Content starts

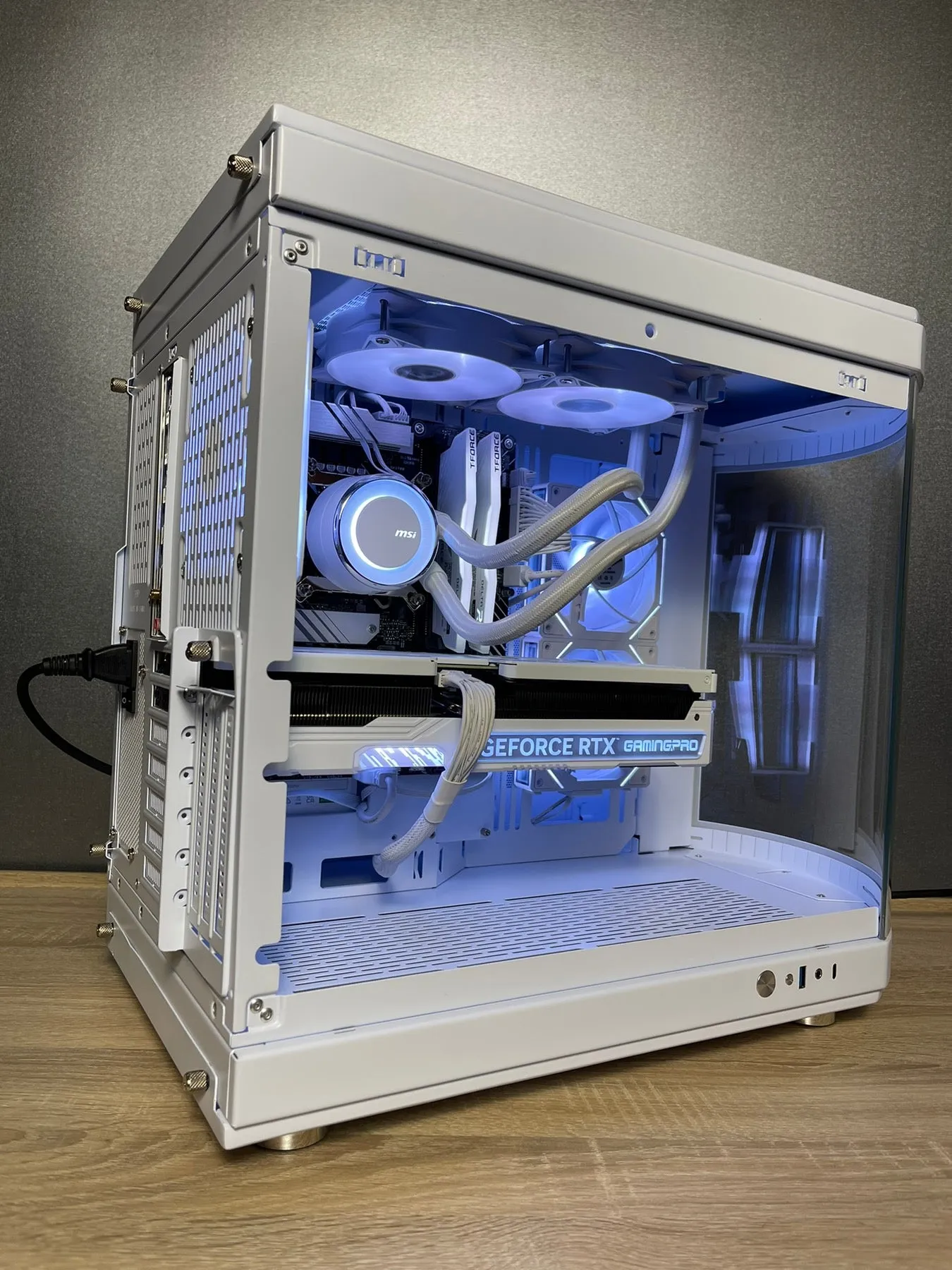 AsiaHorse PC Case TM Pro White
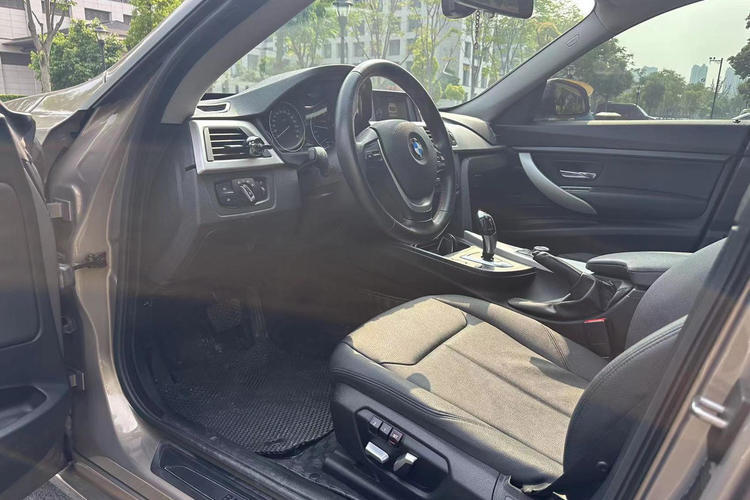 Used BMW 3 Series GT 2016 320i Fashion Model Left Front Seat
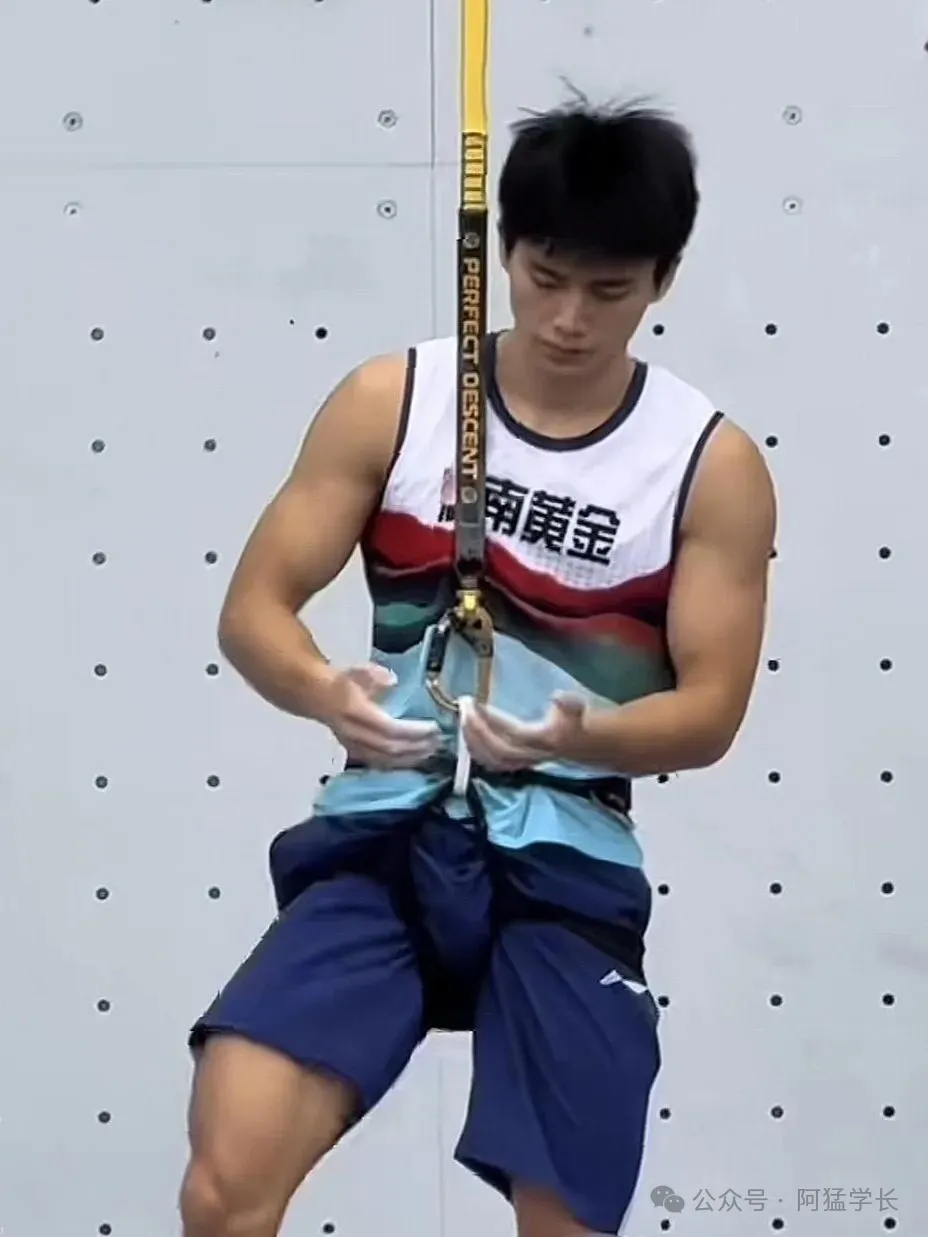 图片[3]-【赛场男神】攀岩运动员の伍鹏，全运会上硬帅！-潮男潮北-潮男潮北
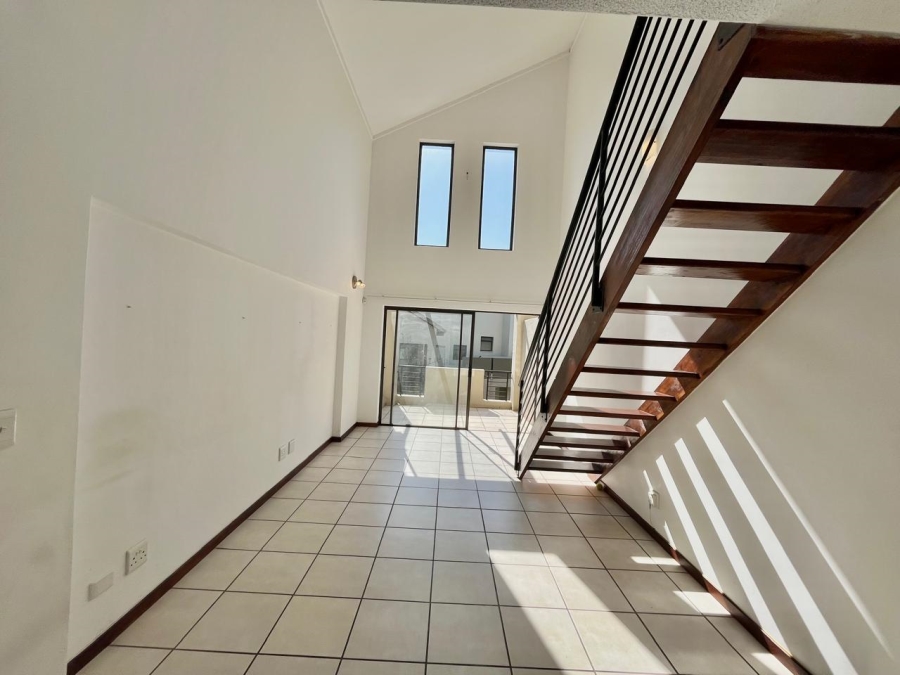 To Let 2 Bedroom Property for Rent in Beverley Gauteng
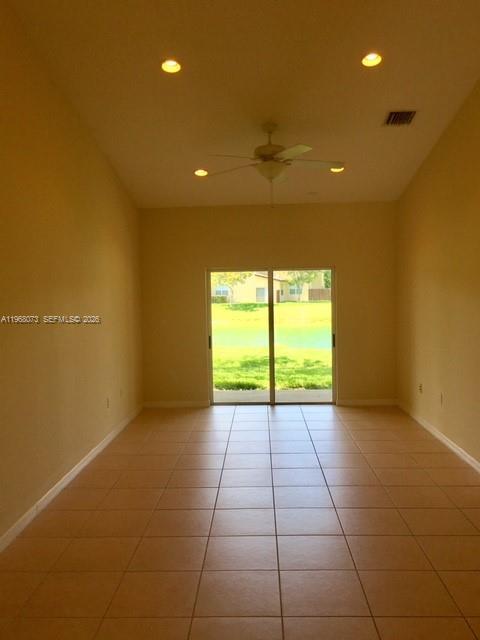 Building Photo - 3323 NE 11th Dr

Content ends

## EXERCISE
Skip every picture, and give the rest of the material above again exactly.

## ANSWER TO THE PROBLEM
 AsiaHorse PC Case TM Pro White
 Used BMW 3 Series GT 2016 320i Fashion Model Left Front Seat
 图片[3]-【赛场男神】攀岩运动员の伍鹏，全运会上硬帅！-潮男潮北-潮男潮北
 To Let 2 Bedroom Property for Rent in Beverley Gauteng
 Building Photo - 3323 NE 11th Dr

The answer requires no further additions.